How to Fight Back Against Local SEO Spam
Local SEO is very important, since around half of all searches on Google have local intent. More than 70% of potential customers look up businesses before they visit, and about three quarters of local searches result in contacting one of them. This means your business must have good local SEO to be found by your target customers. Unfortunately, the ease by which companies can game local SEO for non-local premises means local SEO spam can cost legitimate, local businesses potential customers.
Let’s look at how you can fight back against local SEO spam.
Before you report a case of location SEO spam, perform your due diligence, just in case it is their legitimate business name. If the business website uses a different business name, then you know it is a case of location spam. This was previously done through Google Map Maker, but that was killed in March, 2017. It has now been integrated with Google Maps.
Crowdsourced contributions to maps are being transitioned to the Local Guides program. This is intended to make it much harder for people to enter updates to Google Maps, something that allowed for a lot of local SEO spam entries. However, this change will not remove existing cases of local SEO spam.
You can report the spam by logging into Google and going to Google Maps. Search for the address or click on the pin on the map. On the bottom right, select the “Send Feedback” option. Select “Report a Data Problem”, enter the information about the spam like “it isn’t actually located there, has a different business name” and then submit. When you report spammers, start with the stronger ranking listings first to reduce the impact of the worst offenders.
You should also suggest edits to force businesses that have added keywords to their business names to remove them and flag those using P.O. boxes instead of actual addresses, since this is a violation of Google’s rules.
Address Review Spam
Reviews have a significant impact on your local SEO, since potential customers will avoid companies with a bad rating. Fake five star reviews have been a long term problem. You can report these reviews to Google by flagging them for review. When a competitor has given you multiple bad reviews with written details, you can sue them for defamation and demand they remove the false bad reviews and stop posting them altogether.
Implementing Local SEO in Business Names
There are companies that have actually renamed themselves so that they rank well for local SEO using their company name. For example, one law firm actually renamed itself to Denver Trial Lawyers.
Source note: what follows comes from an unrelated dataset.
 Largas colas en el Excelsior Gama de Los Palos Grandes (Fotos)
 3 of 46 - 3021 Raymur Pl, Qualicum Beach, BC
You don’t have to go this far to improve your local SEO. Renaming your business to “Current Name of ABC City” would work. If you are already incorporated as “Business Name of X County”, use that legal business name on business directories and your website. When you have a law office, instead of stating “Law Office of A, B and C”, consider renaming it to “Law Office of A, B, and C, Personal Injury Lawyers”.
Update business information when you have multiple locations to include location information. If you own several day care centres, instead of having four different entries that compete with each other for local SEO, each one should have its business directory entries across all sites updated to “Childcare Centre – City Name Location”. This practice also prevents your business being wrongly penalised for seemingly listing multiple addresses for a single location, when you actually have more than one location.
If you want to successfully fight back against Local SEO spam, first, report the worst offenders to Google as spam, and suggest edits to push those abusing local SEO terms to correct them. Request a review of fake reviews on their site as well as your own. Include local search terms in your business name, and craft business NAP (name, address and phone number) entries to clearly identify each location as a unique. Take care with your own business’ name and title to avoid being penalised as spam.